May 14, 2015 Aaron Carpenter

How Much Does A Website Cost?

We get this question a lot.

How much does a website cost?

It’s a fair question.  But we re-phrase it back to our potential clients so they can clearly understand what they’re asking.

Well, that’s like asking how much a house costs… it depends…

It’s not surprising that it’s the first question asked, and it’s not surprising that it’s not that simple to answer.

We’ll go on to help our clients understand what it depends on and what their options are before committing to investing in web development work.  Since we do this often, we thought it’d be helpful to share with all of you so that you’re better equipped if you’re going to go shopping for digital development or graphic design services.

First, no matter what you’re looking for, you’re going to have some basic costs.  Let’s go over them quickly.

Base Website Costs

Domain Name

Cost: $10/yr.
You can purchase a domain name (www.yourdomainname.com, or www.yourdomainname.net, etc) through a number of websites which act like marketplaces for those domain names.  These marketplaces are called “registrars”.  Be prepared to shell out about $10 per year to own the rights to a domain name through one of these registrar services.

Web Hosting

Cost: $5 to $250/mo.
Web hosting is a cost you’ll incur just by having a website available online.  Think of it like renting an apartment.  You rent a computer that is connected to the internet 24/7 through a web host.  These companies build special computers that host sites online, and they specialize in keeping them online and available to your clients. Some computers share a whole bunch of sites, and they cost a lot less. Think of these like a hostel.
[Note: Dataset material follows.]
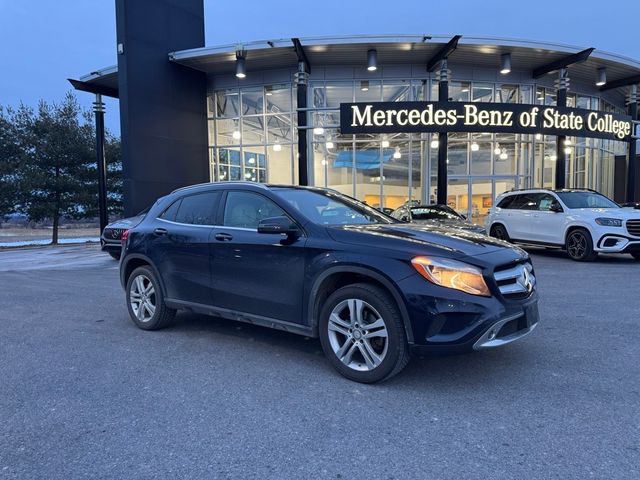 2017 Mercedes-Benz GLA 250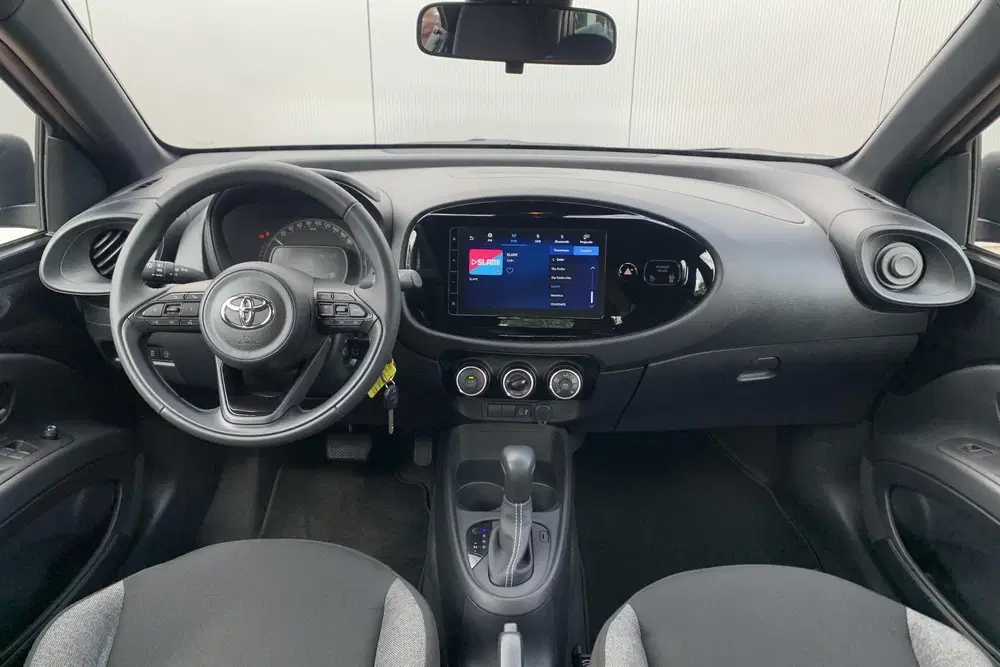 Toyota Aygo X 1.0 VVT-i S-CVT Play uit 2024, foto 9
Others share no one else’s site and you get the whole computer to yourself. These are much more expensive and offer a lot more configuration. Think of these like leasing a house where the owner is cool with you modifying anything on the house.

Factors Affecting Web Development Prices

How much time do you want to spend in design?

If you know exactly what you want, that could save a lot of time.  But if you’re really unsure, we may have to spend a lot of time going through several iterations of design.  Those design hours add up and make your project much more expensive.  Also, if the design is highly detailed or includes a lot of special effects, that also will add to the costs of the project.

What do you want your website to do?

This is a big one.  Functionality can sometimes be easy to add to a project if a developer can find something already pre-built to hook into your website.  However, if you want to make changes to that functionality, or if you want something that hasn’t been developed yet, it’s going to add significant amounts of time to the project cost.  Web applications (think Pandora, Spotify, Google Calendar, etc) are much more costly to develop because a lot of custom scripting is required to get those web applications to function.  It’s best to lay out everything on the table (everything you’d like your website to do), then start prioritizing things we can accomplish within the budget we have to work with.

Do you plan on selling products online?

E-Commerce systems, websites that sell products online, are awesome.  You get to keep your store open 24/7 and it needs minimal staffing.  Costs that go into building this system include time answering questions and configuring the system.  A lot of preparation and configuration time goes into these systems.  Be prepared to answer questions like:

How many products are you selling?

Do you have images for those products?

Will you be shipping products to the customer?

What options will the customer have for shipping?

oes each product have a specification (the same shirt might have different sizes and colors)?

How much does each product weigh?

What forms of payment do you plan on accepting?

Have you set up merchant services yet?

Do you have an account set up to receive funds?

Of course, these are just some of the questions we’d ask.  As you can see, there is a lot of discovery work and questions that need to be answered.  Don’t worry if you don’t have all of the answers.  That’s part of your web developer’s job, to let you know what you need to know so we can get prepared to build the project.

Who will be creating the content?

Typically, we have our clients send us content and images that they already have, but what happens if you don’t have any content?  Someone will have to create it.  If that’s done through your web design agency, they will have to pay someone to create that account, and that will add to the project cost.  Most of the time, this is the most efficient and cost-effective because a specialist can create better content and create that content quicker.  That way, you can focus on what you prefer to do and the content will get done faster and come from a web content specialist that excels at writing for websites.

Quoting the Project

Your developer or designer will need to speak with you enough to get a firm grasp of the scope of work that will be required to complete your project.  Once they understand everything that needs to be completed they can quote your project.  Some firms differ in their payment structures, but the most common is half down, half upon completion for services rendered.  Typically work will not be released until the account is paid in full.

Building websites is a fun process, and there is plenty of room for you to be involved in your own project along the way. Whatever agency you settle with, just make sure that the terms are what you’re comfortable with and the budget works for you.

Yeah yeah yeah… but how much?

Well okay, since you know that asking that question is a lot like asking how much a house costs, you can typically expect web development services to start around $2,000 for small projects and go up to $30,000 for large projects.  Of course, the sky is the limit with some web applications and those include ongoing costs to staff and maintain.

About the Author

Aaron Carpenter My name is Aaron Carpenter and I've been building web applications since 2002. Helping shape internet experiences for people to best match what their users are looking for, and creating web applications that become online tools to help manage businesses is what I love to do most.